Personal information
- Nationality: Czech
- Born: 30 May 1995 (age 31) Mělník, Czech Republic

Sport
- Country: Czech Republic
- Sport: Canoe slalom
- Event: C1, C2
- Club: Univerzitní sportovní klub Praha
- Coached by: Jiří Rohan

Medal record
Men's canoe slalom
Representing Czech Republic
Olympic Games
| Silver medal – second place | 2020 Tokyo | C1 |
World Championships
| Silver medal – second place | 2021 Bratislava | C1 team |
European Championships
| Silver medal – second place | 2014 Vienna | C1 team |
| Silver medal – second place | 2020 Prague | C1 |
| Silver medal – second place | 2024 Tacen | C1 team |
| Silver medal – second place | 2026 Ivrea | C1 team |
| Bronze medal – third place | 2018 Prague | C1 team |
U23 World Championships
| Gold medal – first place | 2013 Liptovský Mikuláš | C2 team |
| Gold medal – first place | 2017 Bratislava | C1 team |
| Silver medal – second place | 2016 Kraków | C1 |
| Bronze medal – third place | 2015 Foz do Iguaçu | C1 team |
U23 European Championships
| Gold medal – first place | 2018 Bratislava | C1 team |
| Silver medal – second place | 2016 Solkan | C1 |
| Bronze medal – third place | 2017 Hohenlimburg | C1 |
| Bronze medal – third place | 2017 Hohenlimburg | C1 team |
Junior World Championships
| Silver medal – second place | 2012 Wausau | C2 |
| Silver medal – second place | 2013 Liptovský Mikuláš | C1 |
Junior European Championships
| Silver medal – second place | 2012 Solkan | C1 team |
| Silver medal – second place | 2013 Bourg-Saint-Maurice | C1 |
| Bronze medal – third place | 2012 Solkan | C2 team |

= Lukáš Rohan =

Czech kayaker (born 1995)

Lukáš Rohan (/cs/; born 30 May 1995) is a Czech slalom canoeist who has competed at the international level since 2010. He is from Mělník, Czech Republic but lives and trains in Prague. Lukáš now competes solely in the C1 discipline, however he competed in the C2 discipline alongside Adam Svoboda and Martin Říha at different times between 2010 and 2015. He is coached by his father, Olympic silver medallist Jiří Rohan.

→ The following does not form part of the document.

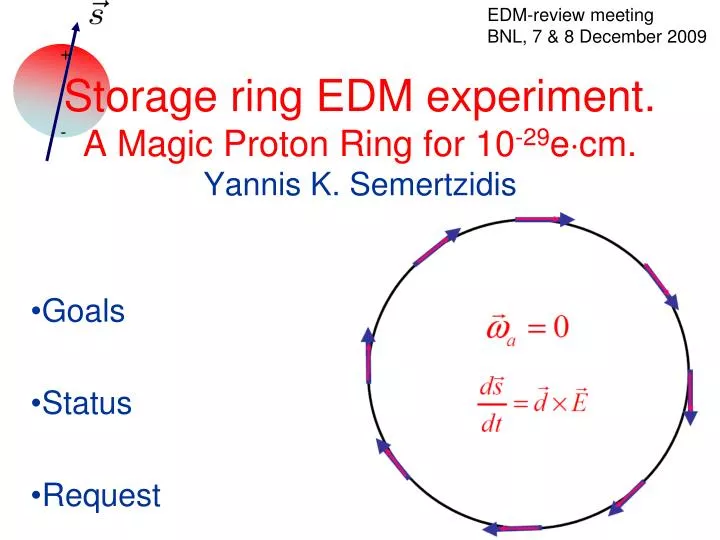 storage ring edm experiment a magic proton ring for 10 29 e cm yannis k semertzidis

Rohan won a silver medal in the C1 event at the 2020 Summer Olympics in Tokyo. He also competed at the 2024 Summer Olympics, finishing 6th in the C1 event and 4th in kayak cross.

He also won a silver medal in the C1 team event at the 2021 World Championships in Bratislava.

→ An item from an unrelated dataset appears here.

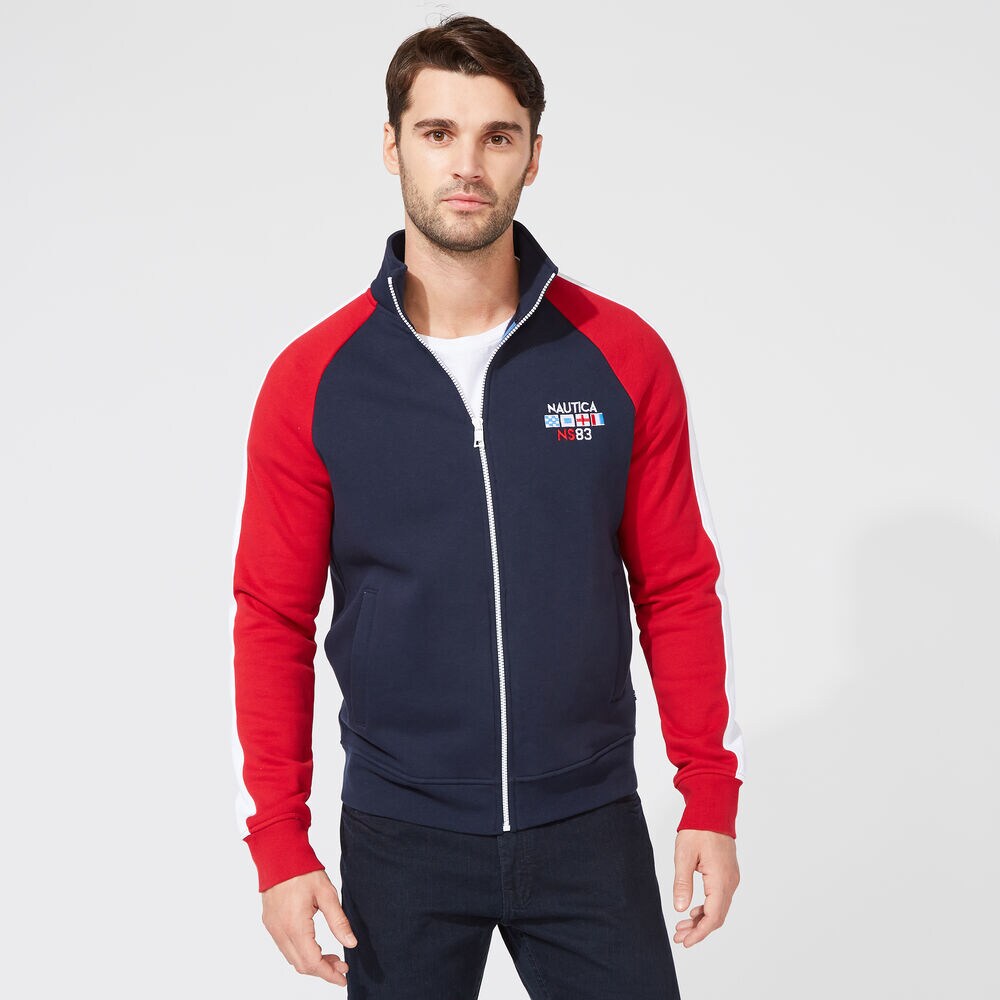 COLORBLOCKED RAGLAN JACKET,Navy,large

He won five medals (4 silvers and 1 bronze) at the European Championships, including a silver medal in the C1 event at the 2020 European Championships in Prague. He also won a myriad of medals at the U23 and Junior levels in both C1 and C2.

==Results==
===World Cup individual podiums===

| Season | Date | Venue | Position | Event |
|---|---|---|---|---|
| 2021 | 13 June 2021 | Prague | 1st | C1 |
| 2022 | 12 June 2022 | Prague | 3rd | C1 |

===Complete World Cup results===

| Year | Class | WC1 | WC2 | WC3 | WC4 | WC5 | Points | Position |
|---|---|---|---|---|---|---|---|---|
| 2012 | C2 | Cardiff | Pau | La Seu | Prague | Bratislava 16 | 13 | 33rd |
| 2013 | C2 | Cardiff 11 | Augsburg | La Seu | Tacen | Bratislava | 23 | 29th |
| 2014 | C1 | Lee Valley 34 | Tacen 24 | Prague 23 | La Seu | Augsburg | 38 | 38th |
| 2015 | C1 | Prague | Kraków 55 | Liptovský Mikuláš 23 | La Seu | Pau | 27 | 53rd |
| 2016 | C1 | Ivrea 14 | La Seu 11 | Pau 29 | Prague 6 | Tacen 18 | 166 | 10th |
| 2017 | C1 | Prague | Augsburg | Markkleeberg 8 | Ivrea 7 | La Seu 6 | 166 | 10th |
| 2018 | C1 | Liptovský Mikuláš 10 | Kraków 15 | Augsburg 10 | Tacen 22 | La Seu 17 | 169 | 12th |
| 2019 | C1 | Lee Valley 19 | Bratislava 14 | Tacen 13 | Markkleeberg 24 | Prague 52 | 104 | 22nd |
| 2020 | C1 | Tacen 10 | Pau 10 |  |  |  | N/A^{[a]} |  |
| 2021 | C1 | Prague 1 | Markkleeberg | La Seu | Pau 12 |  | 122 | 15th |

Notes

No overall rankings were determined by the ICF, with only two races possible due to the COVID-19 pandemic.